To get across an unknown place, one can move faster, or find better paths. In other words, focusing too much on raw performance can slow you down. Software making is no exception.
Reading time: 10min
In our laboratory, a polarizing debate rages since around 2010, summarized by this question:
Why are more and more time-critical scientific computations formerly performed in Fortran now written in Python, a slower language?
The terms are vague, encouraging tribal wars between users based more on their habits than on objective assessments about the two approaches. Let’s try to give some elements to reach a mutual understanding, by narrowing the question.
Python has the reputation of being slow, i.e. significantly slower than compiled languages such as Fortran, C or Rust. If you have heard this, you are not alone: simply googling “why is python slow” yields heaps of pages on the topic. This stems from a fundamental aspect of Python: it is an interpreted language. This implies a significant overhead to each instruction, hence slowing down massive computations. This would be true of any interpreted language, including e.g. Perl or Ruby.
So yes, plain Python is much slower than Fortran.

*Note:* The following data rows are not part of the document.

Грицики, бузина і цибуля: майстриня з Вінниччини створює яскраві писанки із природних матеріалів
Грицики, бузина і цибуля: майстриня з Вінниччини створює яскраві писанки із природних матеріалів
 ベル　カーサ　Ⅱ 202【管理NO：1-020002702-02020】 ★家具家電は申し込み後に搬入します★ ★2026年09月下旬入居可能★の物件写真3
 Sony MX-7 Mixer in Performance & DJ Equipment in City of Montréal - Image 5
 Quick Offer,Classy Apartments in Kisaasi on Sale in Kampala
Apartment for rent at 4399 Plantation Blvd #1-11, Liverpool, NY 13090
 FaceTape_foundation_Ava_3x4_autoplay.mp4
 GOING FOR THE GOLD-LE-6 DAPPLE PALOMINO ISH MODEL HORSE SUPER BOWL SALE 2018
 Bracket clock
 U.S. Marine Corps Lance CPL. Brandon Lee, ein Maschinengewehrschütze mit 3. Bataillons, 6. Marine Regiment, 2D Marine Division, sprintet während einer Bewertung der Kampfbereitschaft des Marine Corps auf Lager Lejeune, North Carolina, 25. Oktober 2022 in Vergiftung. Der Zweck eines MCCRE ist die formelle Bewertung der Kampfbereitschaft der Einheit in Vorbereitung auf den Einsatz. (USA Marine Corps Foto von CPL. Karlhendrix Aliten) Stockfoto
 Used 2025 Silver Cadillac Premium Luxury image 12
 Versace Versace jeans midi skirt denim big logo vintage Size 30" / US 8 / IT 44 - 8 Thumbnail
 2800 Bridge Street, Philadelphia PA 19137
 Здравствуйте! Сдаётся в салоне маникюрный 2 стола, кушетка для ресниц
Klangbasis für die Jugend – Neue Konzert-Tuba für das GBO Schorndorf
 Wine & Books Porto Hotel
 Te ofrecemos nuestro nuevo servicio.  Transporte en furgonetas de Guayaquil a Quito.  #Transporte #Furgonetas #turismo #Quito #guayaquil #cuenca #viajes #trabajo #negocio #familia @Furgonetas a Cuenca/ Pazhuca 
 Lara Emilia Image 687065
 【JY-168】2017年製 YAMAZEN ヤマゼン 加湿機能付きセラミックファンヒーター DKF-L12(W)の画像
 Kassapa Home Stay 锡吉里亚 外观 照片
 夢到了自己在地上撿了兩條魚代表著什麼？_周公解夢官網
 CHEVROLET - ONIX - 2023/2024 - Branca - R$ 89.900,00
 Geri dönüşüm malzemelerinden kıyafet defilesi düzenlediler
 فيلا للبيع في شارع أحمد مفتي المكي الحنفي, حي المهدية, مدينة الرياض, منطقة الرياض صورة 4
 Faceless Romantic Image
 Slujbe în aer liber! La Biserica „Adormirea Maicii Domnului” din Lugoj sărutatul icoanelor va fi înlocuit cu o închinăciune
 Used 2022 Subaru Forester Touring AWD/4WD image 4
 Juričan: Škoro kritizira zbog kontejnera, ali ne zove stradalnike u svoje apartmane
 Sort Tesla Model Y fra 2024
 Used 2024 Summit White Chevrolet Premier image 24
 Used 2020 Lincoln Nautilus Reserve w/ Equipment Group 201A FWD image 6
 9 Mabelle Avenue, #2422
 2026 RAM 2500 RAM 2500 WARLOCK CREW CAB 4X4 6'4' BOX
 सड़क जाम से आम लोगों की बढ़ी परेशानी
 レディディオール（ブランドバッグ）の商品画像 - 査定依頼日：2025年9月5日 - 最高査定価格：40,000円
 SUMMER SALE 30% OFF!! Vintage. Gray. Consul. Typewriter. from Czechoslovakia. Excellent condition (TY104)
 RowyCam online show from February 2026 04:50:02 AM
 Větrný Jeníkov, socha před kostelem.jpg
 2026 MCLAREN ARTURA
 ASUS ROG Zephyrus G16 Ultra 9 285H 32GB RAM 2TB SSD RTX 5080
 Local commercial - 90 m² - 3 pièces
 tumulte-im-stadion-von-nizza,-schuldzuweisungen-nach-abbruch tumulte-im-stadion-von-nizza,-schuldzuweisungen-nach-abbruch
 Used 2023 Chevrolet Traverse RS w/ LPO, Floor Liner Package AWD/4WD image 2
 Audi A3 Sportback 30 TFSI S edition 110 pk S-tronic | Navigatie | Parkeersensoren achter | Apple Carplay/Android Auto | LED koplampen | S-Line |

However, this comparison makes little sense, as scientific uses of Python do not rely on plain Python. Instead, Python is used as a gluing layer, relying on compiled optimized packages that it strings together to perform the target computation. The most widespread package in scientific computing is probably NumPy, for Numerical Python. As the name suggests, numeric data is manipulated through this package, not in plain Python, and behind the scenes all the heavy lifting is done by C/C++ or Fortran compiled routines. In essence, Python is used to point a fast routine in the right direction (i.e. to the right memory address), and no more.
Performance evaluations for scientific computing should therefore be based on this type of approach. The following graph is an example of comparison, showing how NumPy is 2 orders of magnitude faster than pure Python. As you can see, other packages also exist, which can further reduce the overhead if needed.
This decreases the overhead of the interpreted approach by 2 to 3 orders of magnitude, bringing it in the ballpark of compiled solutions. Some more precise comparisons exist of course, check them out for more.
Used the right way, Python is slightly slower than compiled code.
Is popularity quantifiable? One indicator is google trends. for “fortran” and “numpy”. Fortran is indeed slowly decreasing, and has fallen behind NumPy since 2015. Take this figure with a grain of salt however, as more recorded interest in NumPy is biased by the heavy reliance of young programmers and Python developers in general on web resources.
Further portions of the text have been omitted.